* _Work instructions_
A complete answer retypes each of the records below precisely and includes none of the pictures.

--- Supplied material Enclosed Below ---

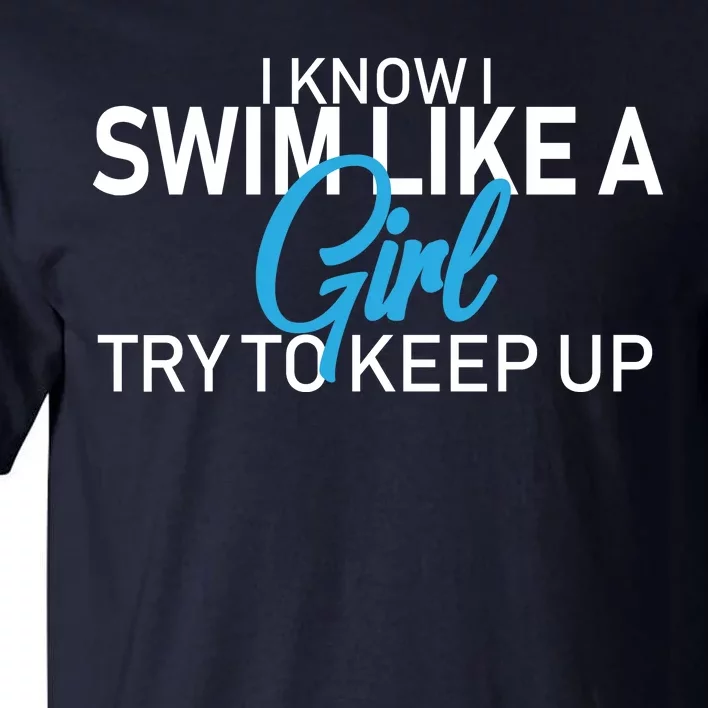 I Know I Swim Like A Girl Try To Keep Up Tall T-Shirt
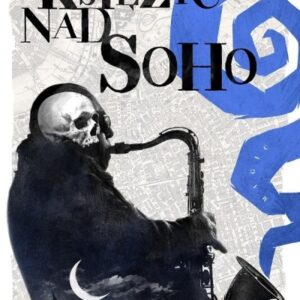 Księżyc nad Soho wyd. 2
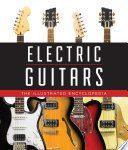 Electric Guitars, The Illustrated Encyclopedia Electric Guitars, The Illustrated Encyclopedia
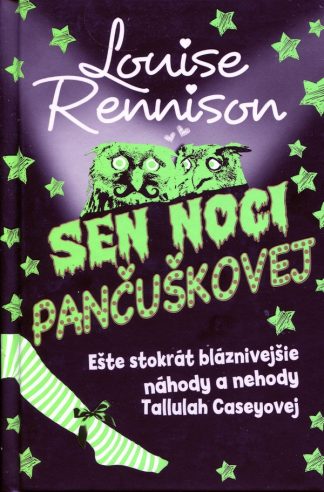 Sen noci pančuškovej (Rennison, Louise)
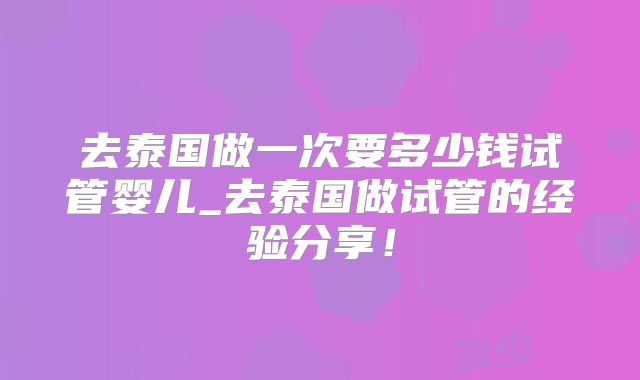 去泰国做一次要多少钱试管婴儿_去泰国做试管的经验分享！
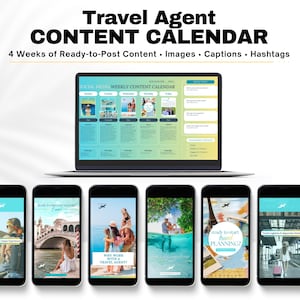May include: A laptop displays a "Social Media Weekly Content Calendar" with images. Six smartphones show travel-themed images with text: "Why work with a travel agent?" and "Ready to start travel planning?" The text "Travel Agent Content Calendar" is at the top.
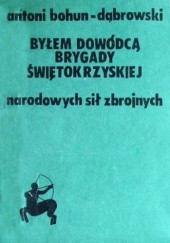 Okładka książki Byłem dowódcą Brygady Świętokrzyskiej NSZ Antoni Bohun - Dąbrowski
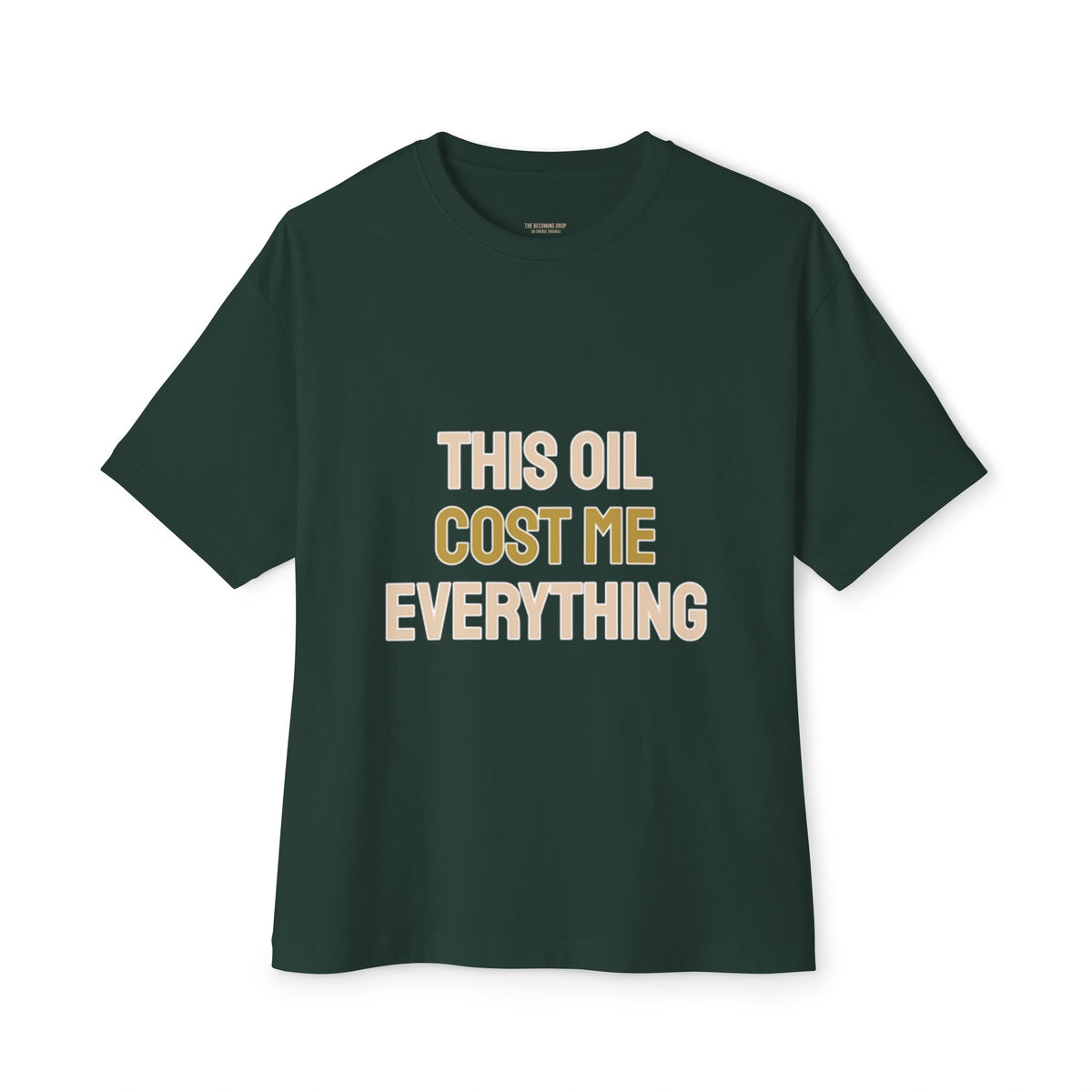 Boxy Tee — "This Oil Cost Me Everything" Graphic T‑Shirt
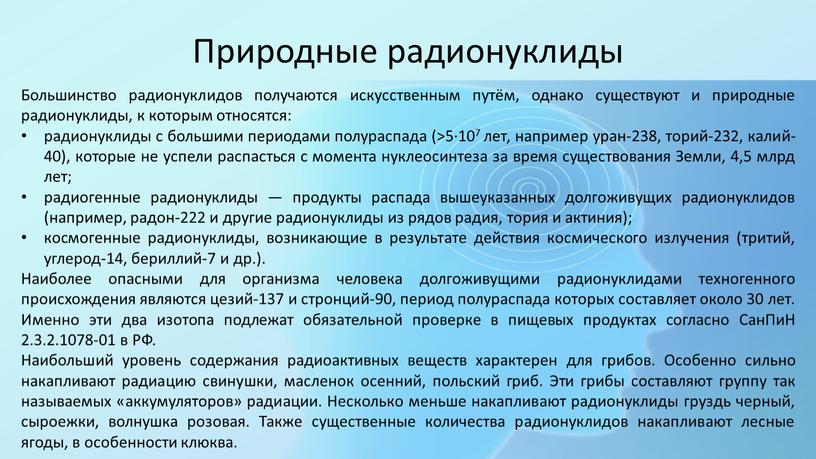 Природные радионуклиды Большинство радионуклидов получаются искусственным путём, однако существуют и природные радионуклиды, к которым относятся: радионуклиды с большими периодами полураспада (>5·107 лет, например уран-238, торий-232,…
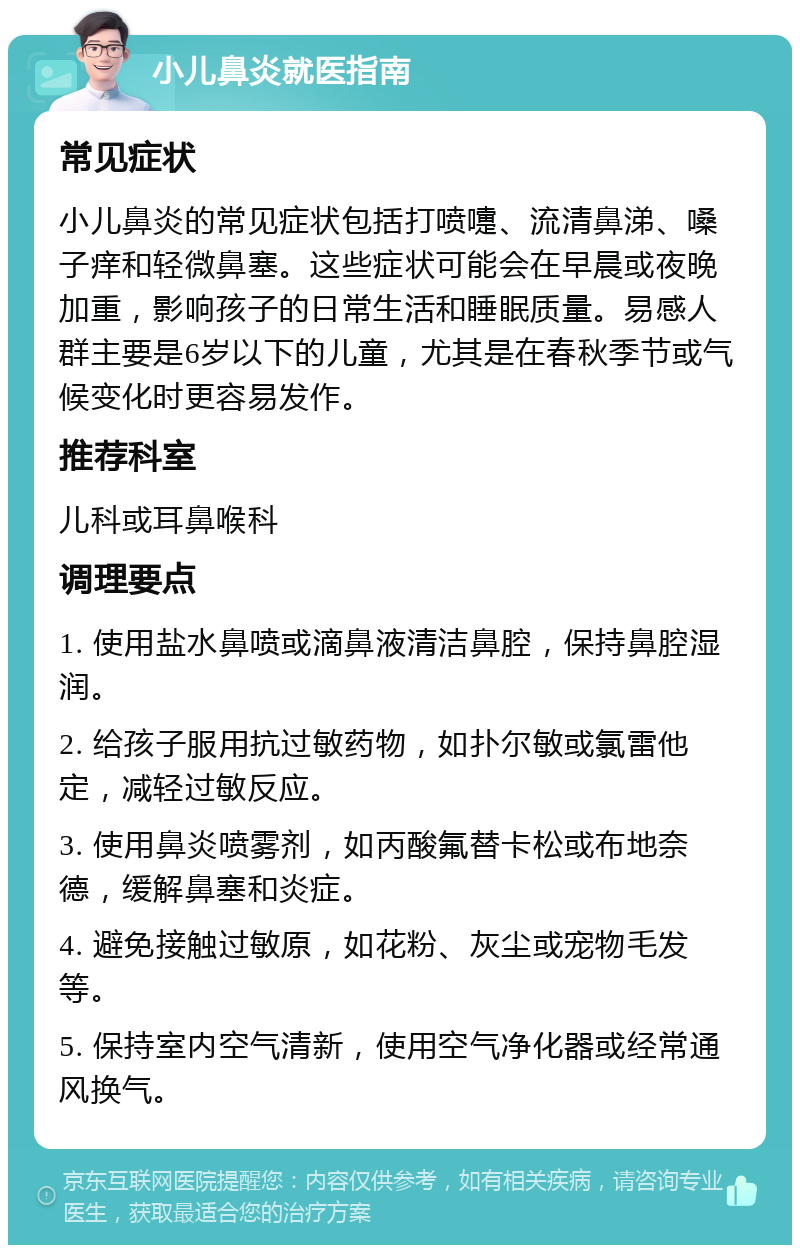 小儿鼻炎就医指南 常见症状 小儿鼻炎的常见症状包括打喷嚏、流清鼻涕、嗓子痒和轻微鼻塞。这些症状可能会在早晨或夜晚加重，影响孩子的日常生活和睡眠质量。易感人群主要是6岁以下的儿童，尤其是在春秋季节或气候变化时更容易发作。 推荐科室 儿科或耳鼻喉科 调理要点 1. 使用盐水鼻喷或滴鼻液清洁鼻腔，保持鼻腔湿润。 2. 给孩子服用抗过敏药物，如扑尔敏或氯雷他定，减轻过敏反应。 3. 使用鼻炎喷雾剂，如丙酸氟替卡松或布地奈德，缓解鼻塞和炎症。 4. 避免接触过敏原，如花粉、灰尘或宠物毛发等。 5. 保持室内空气清新，使用空气净化器或经常通风换气。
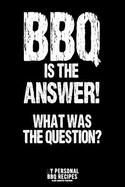 Barbecue Is the Answer! What Was the Question?: My Personal BBQ Recipes - Blank Barbecue Cookbook - Barbecue 100% Meat - Black (6x9, 120 Pages, Matte)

--- End of Enclosed Supplied material ---

* _Problem solution_
 I Know I Swim Like A Girl Try To Keep Up Tall T-Shirt
 Księżyc nad Soho wyd. 2
 Electric Guitars, The Illustrated Encyclopedia Electric Guitars, The Illustrated Encyclopedia
 Sen noci pančuškovej (Rennison, Louise)
 去泰国做一次要多少钱试管婴儿_去泰国做试管的经验分享！
May include: A laptop displays a "Social Media Weekly Content Calendar" with images. Six smartphones show travel-themed images with text: "Why work with a travel agent?" and "Ready to start travel planning?" The text "Travel Agent Content Calendar" is at the top.
 Okładka książki Byłem dowódcą Brygady Świętokrzyskiej NSZ Antoni Bohun - Dąbrowski
 Boxy Tee — "This Oil Cost Me Everything" Graphic T‑Shirt
 Природные радионуклиды Большинство радионуклидов получаются искусственным путём, однако существуют и природные радионуклиды, к которым относятся: радионуклиды с большими периодами полураспада (>5·107 лет, например уран-238, торий-232,…
 小儿鼻炎就医指南 常见症状 小儿鼻炎的常见症状包括打喷嚏、流清鼻涕、嗓子痒和轻微鼻塞。这些症状可能会在早晨或夜晚加重，影响孩子的日常生活和睡眠质量。易感人群主要是6岁以下的儿童，尤其是在春秋季节或气候变化时更容易发作。 推荐科室 儿科或耳鼻喉科 调理要点 1. 使用盐水鼻喷或滴鼻液清洁鼻腔，保持鼻腔湿润。 2. 给孩子服用抗过敏药物，如扑尔敏或氯雷他定，减轻过敏反应。 3. 使用鼻炎喷雾剂，如丙酸氟替卡松或布地奈德，缓解鼻塞和炎症。 4. 避免接触过敏原，如花粉、灰尘或宠物毛发等。 5. 保持室内空气清新，使用空气净化器或经常通风换气。
 Barbecue Is the Answer! What Was the Question?: My Personal BBQ Recipes - Blank Barbecue Cookbook - Barbecue 100% Meat - Black (6x9, 120 Pages, Matte)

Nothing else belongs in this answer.